# How much HP from exhaust and tune?



## Arkuss (Oct 8, 2007)

I have an 05 A4 and i was just wondering how many Horses i should expect from exhaust, performance air filter, and a tune? Also round about how much should it run me?

Sorry if this has been answered a hundred times before.. and thanks in advance to the great GTO community!


----------



## vxssls1 (Sep 9, 2006)

you should see from 350-365rwhp from those mods


----------



## Route 66 (May 30, 2005)

Depends on your definition of an 'exhaust.' Headers and a tune could net from 25-35hp. A cat back on an '05-'06 will net 0hp. A tune on a stock veh. will bring about 10-15hp


----------



## lukekeith (Oct 27, 2006)

I"m with Route 66 on this one, having made the mistake of spending too much money on exhaust. My first mod was LT Headers + tune. I got a good 50rwhp from just those two mods. A few months later I finished off the exhaust and had it re-tuned, I had a zero hp increase. Such a waste of money in my opinion. I wish I had spent the money on a cam instead... as a result, my "mod budget" is depleted for the time being... not only that, but it really doesn't help the sound as much as you might think either.... unless you get an exhaust with a single chamber race muffler =).
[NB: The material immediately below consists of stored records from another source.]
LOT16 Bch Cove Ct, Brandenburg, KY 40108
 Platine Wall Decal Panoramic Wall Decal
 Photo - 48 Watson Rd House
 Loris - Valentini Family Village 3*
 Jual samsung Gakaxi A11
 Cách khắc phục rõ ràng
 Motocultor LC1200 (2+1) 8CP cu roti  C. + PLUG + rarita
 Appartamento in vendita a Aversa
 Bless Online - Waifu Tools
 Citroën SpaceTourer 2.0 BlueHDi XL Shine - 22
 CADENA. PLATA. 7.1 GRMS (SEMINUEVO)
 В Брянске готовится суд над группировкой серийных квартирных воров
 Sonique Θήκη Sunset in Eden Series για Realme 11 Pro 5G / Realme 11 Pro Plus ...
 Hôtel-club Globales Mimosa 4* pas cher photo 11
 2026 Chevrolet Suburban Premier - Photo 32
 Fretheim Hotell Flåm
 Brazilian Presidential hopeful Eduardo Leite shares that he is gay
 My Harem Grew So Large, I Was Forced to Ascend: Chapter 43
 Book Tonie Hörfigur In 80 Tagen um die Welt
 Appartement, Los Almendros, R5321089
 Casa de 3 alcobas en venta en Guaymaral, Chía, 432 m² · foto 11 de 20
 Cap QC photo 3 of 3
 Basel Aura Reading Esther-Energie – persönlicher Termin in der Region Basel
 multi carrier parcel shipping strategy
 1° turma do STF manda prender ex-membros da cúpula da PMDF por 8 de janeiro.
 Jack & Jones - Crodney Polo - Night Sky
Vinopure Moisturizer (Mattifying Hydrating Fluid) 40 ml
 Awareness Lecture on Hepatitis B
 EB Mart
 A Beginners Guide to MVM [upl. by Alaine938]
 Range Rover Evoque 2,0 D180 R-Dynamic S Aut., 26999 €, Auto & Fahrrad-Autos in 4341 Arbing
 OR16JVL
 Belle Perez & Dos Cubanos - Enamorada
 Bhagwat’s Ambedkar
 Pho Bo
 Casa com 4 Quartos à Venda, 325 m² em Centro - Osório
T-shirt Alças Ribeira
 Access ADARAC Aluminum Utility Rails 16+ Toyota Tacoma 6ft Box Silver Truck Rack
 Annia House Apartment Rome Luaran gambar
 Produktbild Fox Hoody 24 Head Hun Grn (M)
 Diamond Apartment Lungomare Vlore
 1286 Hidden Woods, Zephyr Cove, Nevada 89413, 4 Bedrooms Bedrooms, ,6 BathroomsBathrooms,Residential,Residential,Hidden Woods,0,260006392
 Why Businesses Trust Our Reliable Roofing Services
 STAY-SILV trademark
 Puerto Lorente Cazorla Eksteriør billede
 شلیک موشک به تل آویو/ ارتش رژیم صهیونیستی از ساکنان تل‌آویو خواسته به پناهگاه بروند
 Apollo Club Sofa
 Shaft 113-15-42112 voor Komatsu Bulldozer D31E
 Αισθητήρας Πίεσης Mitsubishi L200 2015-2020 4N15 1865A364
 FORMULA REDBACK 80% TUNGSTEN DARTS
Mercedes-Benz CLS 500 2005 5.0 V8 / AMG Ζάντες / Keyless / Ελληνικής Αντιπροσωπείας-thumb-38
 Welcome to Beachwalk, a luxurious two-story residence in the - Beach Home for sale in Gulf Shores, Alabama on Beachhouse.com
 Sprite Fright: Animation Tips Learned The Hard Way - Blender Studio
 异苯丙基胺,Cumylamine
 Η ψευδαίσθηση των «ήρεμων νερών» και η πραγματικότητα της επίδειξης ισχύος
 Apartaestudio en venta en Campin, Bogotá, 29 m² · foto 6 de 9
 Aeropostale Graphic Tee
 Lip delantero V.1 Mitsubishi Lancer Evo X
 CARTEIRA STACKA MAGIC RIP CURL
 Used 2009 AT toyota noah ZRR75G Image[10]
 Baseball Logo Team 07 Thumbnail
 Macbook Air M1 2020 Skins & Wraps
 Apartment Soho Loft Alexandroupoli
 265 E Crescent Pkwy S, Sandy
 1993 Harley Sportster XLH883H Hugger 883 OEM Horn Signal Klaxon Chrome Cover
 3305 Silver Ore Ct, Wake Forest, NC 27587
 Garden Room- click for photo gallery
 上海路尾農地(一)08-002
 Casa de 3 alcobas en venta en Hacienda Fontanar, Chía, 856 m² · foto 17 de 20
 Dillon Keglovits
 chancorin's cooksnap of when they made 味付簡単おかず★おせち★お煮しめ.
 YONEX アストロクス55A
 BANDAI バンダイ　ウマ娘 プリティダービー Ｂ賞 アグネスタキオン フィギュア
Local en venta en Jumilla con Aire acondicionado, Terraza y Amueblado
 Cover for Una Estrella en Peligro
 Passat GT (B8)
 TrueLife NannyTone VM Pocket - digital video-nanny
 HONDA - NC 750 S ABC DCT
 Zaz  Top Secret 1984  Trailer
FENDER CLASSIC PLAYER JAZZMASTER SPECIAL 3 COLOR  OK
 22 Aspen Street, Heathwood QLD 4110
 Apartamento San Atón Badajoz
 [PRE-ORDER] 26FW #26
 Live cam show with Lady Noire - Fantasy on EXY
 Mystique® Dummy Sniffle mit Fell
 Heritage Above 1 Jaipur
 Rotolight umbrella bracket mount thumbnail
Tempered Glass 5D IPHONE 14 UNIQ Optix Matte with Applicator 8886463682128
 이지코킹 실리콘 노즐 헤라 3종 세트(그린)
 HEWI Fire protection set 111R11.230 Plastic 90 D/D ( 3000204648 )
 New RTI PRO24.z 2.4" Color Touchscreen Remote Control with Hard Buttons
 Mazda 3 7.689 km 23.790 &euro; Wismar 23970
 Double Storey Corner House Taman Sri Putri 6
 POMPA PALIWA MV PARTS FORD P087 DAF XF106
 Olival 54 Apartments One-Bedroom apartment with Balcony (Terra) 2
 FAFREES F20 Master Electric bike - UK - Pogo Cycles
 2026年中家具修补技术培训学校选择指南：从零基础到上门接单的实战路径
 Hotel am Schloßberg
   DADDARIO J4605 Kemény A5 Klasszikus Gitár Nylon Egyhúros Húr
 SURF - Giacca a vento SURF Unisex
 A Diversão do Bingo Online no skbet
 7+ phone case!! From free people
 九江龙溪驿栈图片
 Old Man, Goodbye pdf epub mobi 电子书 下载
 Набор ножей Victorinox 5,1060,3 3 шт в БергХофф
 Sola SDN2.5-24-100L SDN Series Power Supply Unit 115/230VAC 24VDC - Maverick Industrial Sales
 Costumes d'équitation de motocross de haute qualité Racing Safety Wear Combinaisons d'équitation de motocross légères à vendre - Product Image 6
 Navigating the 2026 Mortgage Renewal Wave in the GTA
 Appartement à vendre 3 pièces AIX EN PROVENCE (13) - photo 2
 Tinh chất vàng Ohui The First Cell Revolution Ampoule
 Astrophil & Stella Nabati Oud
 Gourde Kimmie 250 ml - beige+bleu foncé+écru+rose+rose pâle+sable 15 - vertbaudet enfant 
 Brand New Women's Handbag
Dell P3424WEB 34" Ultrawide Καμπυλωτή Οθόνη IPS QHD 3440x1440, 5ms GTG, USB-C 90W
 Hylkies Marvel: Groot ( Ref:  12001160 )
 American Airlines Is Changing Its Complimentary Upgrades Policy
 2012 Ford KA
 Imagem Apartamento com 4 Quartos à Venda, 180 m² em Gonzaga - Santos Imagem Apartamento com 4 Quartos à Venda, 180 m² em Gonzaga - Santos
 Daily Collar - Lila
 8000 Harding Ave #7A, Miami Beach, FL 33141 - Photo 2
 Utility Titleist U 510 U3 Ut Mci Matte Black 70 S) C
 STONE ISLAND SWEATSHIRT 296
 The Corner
In which case that will REALLY help the sound... otherwise, I would advise pouring your dollars into headers or a cam first.


----------



## ROBSGTO (Jul 6, 2008)

Would you see any gain in hp at all with just simply deleting the resonater,installing an H-pipe and bullet style mufflers?


----------



## NEXSTAR7 (Jan 28, 2007)

not much maybe 5 ponies if that. go long tubes, cai and cat back and tune at the same time, then you'll release the beast within.


----------